Minneapolis protesters occupy intersection for Palestinian Land Day
Minneapolis – On March 30, around 2500 protesters gathered along Lake Street where it crosses a narrow isthmus between Lake of the Isles and Bde Maka Ska in the Chain of Lakes. Organized by the local Free Palestine Coalition, the action marked Land Day, which commemorates the Palestinian struggle against Israeli occupation and land theft.
Despite intimidation attempts by Minneapolis police, protesters took the street and marched to the Lake Street/Excelsior Boulevard interchange, which forms a major bottleneck for traffic heading to and from the upscale western suburbs of the Twin Cities. The crowd took over and occupied the intersection. Some stranded motorists left their vehicles and joined the protest. Speeches by Palestinian activists and others took place before and after the march, as well as during the road shutdown.
Land Day began on March 30, 1976, when Israeli occupation forces, the IDF, murdered six Palestinian citizens of Israel who were protesting new confiscations of Palestinian land. Since then, the day has been commemorated by Palestinians and the solidarity movement as a time to reaffirm the right of Palestinians to return to their land stolen by the Zionist occupation.
In 2018, Land Day also marked the beginning of the Great March of Return protests in Gaza, which saw hundreds of unarmed Palestinians killed and thousands more injured by IDF snipers.
Taher Herzallah of American Muslims for Palestine explained, “For Palestinians, our land does not mean resource extraction. Our land does not mean numbers and spreadsheets, profits and margins. Our land is what gives us life, and we are what give our land life. This is something the Zionists will never understand.”
The event featured special guest Huwaida Arraf, a Palestinian American lawyer, co-founder of the International Solidarity Movement, and organizer of freedom flotillas that attempt to bypass Israel’s sea blockade of Gaza. “Israel has spent decades trying to tear us apart. And we still say no. They continue this apartheid, continually confiscating land, not only in the West Bank but inside ’48.”
Speakers also drew attention to the struggle for Land Back waged by indigenous peoples inside the United States borders.
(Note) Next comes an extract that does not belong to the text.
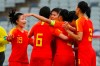 Wang Shanshan of China, center, reacts to scoring a goal with teammates against Thailand during their Olympic soccer qualifying match in Sydney, Friday, Feb. 7, 2020. (AP Photo/Steve Christo)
At the protest, nearby Bde Maka Ska served as a symbol of that struggle, having had its name changed in 2018 from Lake Calhoun – named for notorious American slaver John C. Calhoun – back to its original Dakota name.
Gabriela Diaz, alumni of the American Indian Studies program at the University of Minnesota, said, “Pacific Islanders, Palestinians and American Indians have many shared experiences as global indigenous First Peoples. We have suffered incommensurable loss under Western imperialism and colonization. Dispossession, environmental desecration, climate crises, land theft, nuclear testing, settler and other kinds of colonialisms, and the destruction of the things closest to our hearts, are just a few of the things that tie us together.”
Rabbi Jessica Rosenberg of Jewish Voice for Peace-Twin Cities spoke, “I wanted to learn my people’s history before Zionism,” she said. “I felt in my core that I had inherited a tradition that honored life and interconnectedness, and that Zionism was a manipulation of our trauma and oppression, and a system of supremacy that at its core was not Jewish.”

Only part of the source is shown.